Sam Varshavchik wrote:
Gordon Messmer writes:
Maybe a better scenario to illustrate my concern would be this:
A user send an email to an alias that points off-site. Courier can't
contact the primary MX immediately, so it tries a backup MX. The
backup MX doesn't have a list of users, so it accepts the message in
order to relay it later. When the primary MX comes back up, the
backup MX tries to send the email, but the user no longer exists
(perhaps he's left that company). The backup MX has been instructed
not to give DSNs, so the original sender never knows that the intended
recipient doesn't receive the mail.
I've yet to see a forwarding alias being involved in this scenario in
any way.
I can conceive of scenarios more likely to occur if you like.
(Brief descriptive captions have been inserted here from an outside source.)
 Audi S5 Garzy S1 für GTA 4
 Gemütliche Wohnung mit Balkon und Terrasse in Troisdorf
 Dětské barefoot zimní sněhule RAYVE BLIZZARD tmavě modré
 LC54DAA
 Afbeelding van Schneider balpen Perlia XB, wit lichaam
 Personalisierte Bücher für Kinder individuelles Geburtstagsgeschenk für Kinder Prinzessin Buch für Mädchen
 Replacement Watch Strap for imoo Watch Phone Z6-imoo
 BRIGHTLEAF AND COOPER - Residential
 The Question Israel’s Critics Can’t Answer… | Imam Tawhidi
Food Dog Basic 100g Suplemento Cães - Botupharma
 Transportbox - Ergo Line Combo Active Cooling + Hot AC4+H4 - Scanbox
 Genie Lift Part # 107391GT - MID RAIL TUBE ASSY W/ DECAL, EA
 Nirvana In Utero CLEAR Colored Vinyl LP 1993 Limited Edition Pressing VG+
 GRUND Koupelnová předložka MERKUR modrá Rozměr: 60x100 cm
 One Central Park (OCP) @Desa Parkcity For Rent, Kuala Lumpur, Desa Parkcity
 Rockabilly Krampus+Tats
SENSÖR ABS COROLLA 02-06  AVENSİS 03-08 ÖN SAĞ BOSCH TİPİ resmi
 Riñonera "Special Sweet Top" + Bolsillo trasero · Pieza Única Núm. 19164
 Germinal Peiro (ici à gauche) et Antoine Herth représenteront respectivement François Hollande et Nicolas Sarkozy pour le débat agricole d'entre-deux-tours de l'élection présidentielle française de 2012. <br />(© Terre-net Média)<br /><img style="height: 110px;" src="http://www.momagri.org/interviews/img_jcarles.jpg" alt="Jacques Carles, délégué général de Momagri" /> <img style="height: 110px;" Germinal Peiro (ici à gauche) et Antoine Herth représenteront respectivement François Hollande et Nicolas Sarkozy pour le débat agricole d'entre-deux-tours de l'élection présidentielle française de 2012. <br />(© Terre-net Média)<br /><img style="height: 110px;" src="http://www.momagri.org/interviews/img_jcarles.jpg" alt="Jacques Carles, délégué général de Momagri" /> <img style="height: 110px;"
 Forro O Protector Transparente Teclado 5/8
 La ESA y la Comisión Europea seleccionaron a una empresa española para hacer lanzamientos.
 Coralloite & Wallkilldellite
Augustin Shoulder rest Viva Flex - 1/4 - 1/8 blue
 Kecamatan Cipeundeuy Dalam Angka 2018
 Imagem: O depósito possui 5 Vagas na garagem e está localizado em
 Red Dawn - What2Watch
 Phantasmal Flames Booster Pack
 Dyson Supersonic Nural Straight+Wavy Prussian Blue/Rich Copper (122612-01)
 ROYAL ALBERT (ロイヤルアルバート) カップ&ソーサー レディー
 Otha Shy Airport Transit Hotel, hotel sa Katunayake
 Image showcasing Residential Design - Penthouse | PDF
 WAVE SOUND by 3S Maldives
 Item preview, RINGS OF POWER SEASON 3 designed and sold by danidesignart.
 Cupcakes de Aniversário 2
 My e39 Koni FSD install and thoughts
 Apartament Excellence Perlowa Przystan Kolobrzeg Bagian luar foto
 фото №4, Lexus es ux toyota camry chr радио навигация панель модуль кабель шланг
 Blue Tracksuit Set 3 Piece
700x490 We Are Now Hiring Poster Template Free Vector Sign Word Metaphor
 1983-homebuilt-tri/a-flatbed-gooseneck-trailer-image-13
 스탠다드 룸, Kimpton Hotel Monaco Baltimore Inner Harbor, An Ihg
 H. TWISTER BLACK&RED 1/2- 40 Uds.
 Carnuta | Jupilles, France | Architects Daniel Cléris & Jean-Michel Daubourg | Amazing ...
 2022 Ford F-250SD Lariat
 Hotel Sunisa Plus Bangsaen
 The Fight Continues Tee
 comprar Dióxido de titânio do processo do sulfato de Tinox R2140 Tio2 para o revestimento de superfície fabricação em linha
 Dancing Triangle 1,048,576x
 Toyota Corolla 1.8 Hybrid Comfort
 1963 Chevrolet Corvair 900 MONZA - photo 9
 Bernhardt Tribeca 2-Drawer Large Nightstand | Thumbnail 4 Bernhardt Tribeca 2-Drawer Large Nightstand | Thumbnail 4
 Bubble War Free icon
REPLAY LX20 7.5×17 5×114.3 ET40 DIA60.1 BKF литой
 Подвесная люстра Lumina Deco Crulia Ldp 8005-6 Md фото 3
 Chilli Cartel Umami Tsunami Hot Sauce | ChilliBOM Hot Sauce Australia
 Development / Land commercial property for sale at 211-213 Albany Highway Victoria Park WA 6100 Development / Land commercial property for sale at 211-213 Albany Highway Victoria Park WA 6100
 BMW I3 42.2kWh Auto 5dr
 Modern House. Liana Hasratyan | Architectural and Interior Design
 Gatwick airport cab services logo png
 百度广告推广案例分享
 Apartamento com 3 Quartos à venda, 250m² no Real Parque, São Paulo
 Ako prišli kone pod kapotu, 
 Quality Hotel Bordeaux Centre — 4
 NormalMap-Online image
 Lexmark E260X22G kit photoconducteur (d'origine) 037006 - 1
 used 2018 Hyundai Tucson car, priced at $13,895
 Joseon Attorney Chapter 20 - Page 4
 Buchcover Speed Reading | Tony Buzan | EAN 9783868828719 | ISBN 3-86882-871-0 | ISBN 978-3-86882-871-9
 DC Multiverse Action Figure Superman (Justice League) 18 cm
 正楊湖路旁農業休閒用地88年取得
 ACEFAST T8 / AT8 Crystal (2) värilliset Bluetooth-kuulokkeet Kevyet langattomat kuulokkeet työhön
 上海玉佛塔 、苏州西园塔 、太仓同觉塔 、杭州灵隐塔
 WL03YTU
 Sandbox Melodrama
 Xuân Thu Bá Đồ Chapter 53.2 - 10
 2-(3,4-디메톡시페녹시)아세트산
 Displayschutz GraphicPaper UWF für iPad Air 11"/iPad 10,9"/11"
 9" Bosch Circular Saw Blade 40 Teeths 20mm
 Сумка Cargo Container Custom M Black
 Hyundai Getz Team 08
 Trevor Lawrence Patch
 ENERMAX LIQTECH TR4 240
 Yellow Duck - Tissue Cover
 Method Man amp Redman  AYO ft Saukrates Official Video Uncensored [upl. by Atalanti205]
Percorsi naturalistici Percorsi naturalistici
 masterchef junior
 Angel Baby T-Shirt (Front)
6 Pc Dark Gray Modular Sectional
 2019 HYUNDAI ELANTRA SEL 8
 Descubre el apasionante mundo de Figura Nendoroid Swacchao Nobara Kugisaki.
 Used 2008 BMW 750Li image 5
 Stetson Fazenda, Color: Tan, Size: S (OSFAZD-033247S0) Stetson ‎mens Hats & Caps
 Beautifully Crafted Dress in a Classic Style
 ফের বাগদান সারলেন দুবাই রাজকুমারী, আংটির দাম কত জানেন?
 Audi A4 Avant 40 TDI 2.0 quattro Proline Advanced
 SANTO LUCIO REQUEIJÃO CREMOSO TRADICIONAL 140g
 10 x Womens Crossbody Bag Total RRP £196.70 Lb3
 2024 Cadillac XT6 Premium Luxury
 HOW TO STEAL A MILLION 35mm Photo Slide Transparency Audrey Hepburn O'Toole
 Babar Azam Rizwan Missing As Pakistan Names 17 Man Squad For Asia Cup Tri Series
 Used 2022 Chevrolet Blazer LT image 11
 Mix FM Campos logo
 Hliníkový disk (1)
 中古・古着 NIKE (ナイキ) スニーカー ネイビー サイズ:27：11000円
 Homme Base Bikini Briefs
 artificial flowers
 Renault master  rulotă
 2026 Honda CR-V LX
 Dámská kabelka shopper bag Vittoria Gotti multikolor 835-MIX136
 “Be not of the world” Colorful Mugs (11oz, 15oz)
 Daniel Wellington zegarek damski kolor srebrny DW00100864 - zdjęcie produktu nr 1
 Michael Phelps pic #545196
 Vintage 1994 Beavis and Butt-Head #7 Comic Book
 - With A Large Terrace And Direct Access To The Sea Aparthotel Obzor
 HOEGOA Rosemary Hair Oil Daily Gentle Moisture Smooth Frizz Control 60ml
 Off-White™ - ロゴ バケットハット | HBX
Perhaps
your Courier server is on a private network, and it relays mail out
through a host dedicated to that task (maybe that one provides
additional filtering). Your aliases to off-site hosts, then, get
delivered to your "smart host" with instructions not to notify users
when there are delivery failures.
I just think the idea of asking for no DSNs on aliases is ill conceived.
Situations will arise where you want a DSN and won't get one.
If you think I'm wrong, at least help me out by pointing me at the
general location where I should modify courier to suit my needs, please.
PS:
I apologise for taking this off-list... That was accidental.